Chinese banking system liquidity stable despite intervention drain
The PBoC’s fourth-quarter monetary policy report, released over the weekend, provides further evidence that monetary conditions have loosened, supporting an optimistic view of near-term economic prospects.
Bears claim that foreign exchange intervention has squeezed banking system liquidity, threatening a credit crunch. A previous post argued that the PBoC has more than offset the intervention drain by cutting banks’ reserve requirements. The latest report confirms this: banks’ excess reserves (i.e. the surplus over requirements) rose from 1.9% of their deposit base at end-September to 2.1% at end-December – see first chart.
With their liquidity position remaining healthy, banks have passed cuts in official benchmark interest rates through to borrowers. The average rate on loans to non-financial enterprises fell by a further 37 basis points (bp) last quarter, to its lowest level in data in data extending back to 2009; the average mortgage rate declined by 32 bp, to its lowest since the first quarter of 2010 – first chart.

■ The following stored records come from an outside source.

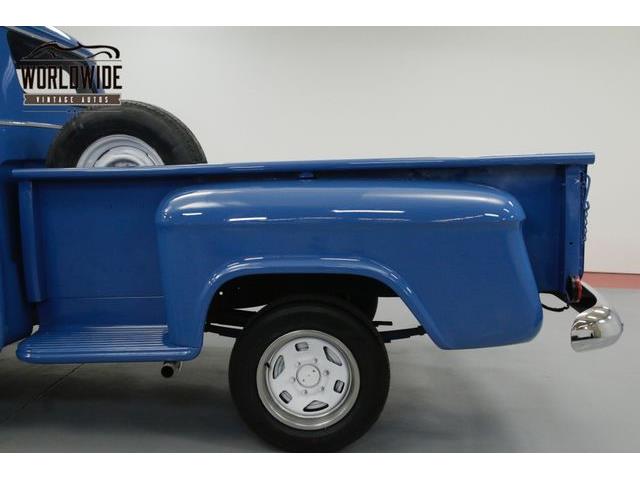 1955 GMC 100 (CC-1113853) for sale in Denver , Colorado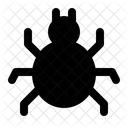 Mite Bug Bed Icon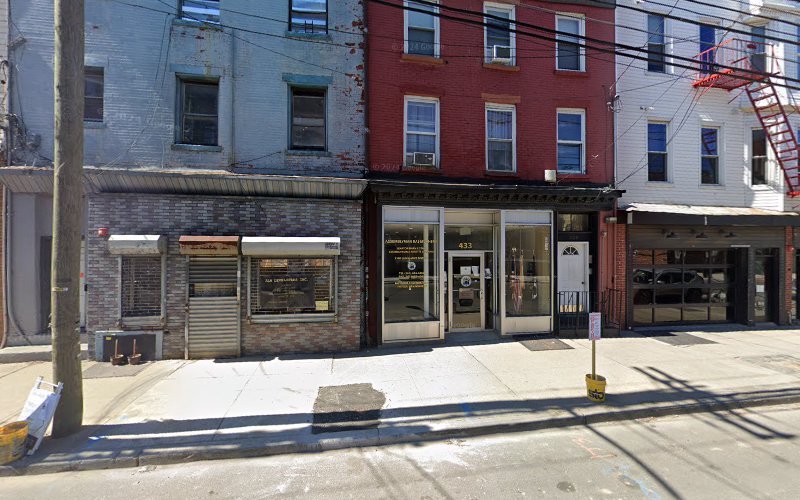 ALTALUNE DISPENSARY exterior view showcasing professional Cannabis store services in Jersey City, New Jersey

In other news, foreign reserves fell by a further $99.5 billion in January, following a $107.9 billion December decline. The monthly reserves change exhibits a positive correlation with the spread between the offshore (CNH) and onshore (CNY) renminbi exchange rates versus the US dollar. The spread narrowed sharply last week, suggesting a slowdown in the reserves outflow – second chart.
Economic news flow is currently light because of the Chinese New Year. Last week’s Markit / Caixin purchasing managers’ surveys were encouraging, with both manufacturing and services polls stronger in January – third chart.
The OECD’s Chinese leading indicator*, meanwhile, accelerated further in December, according to data released today – fourth chart.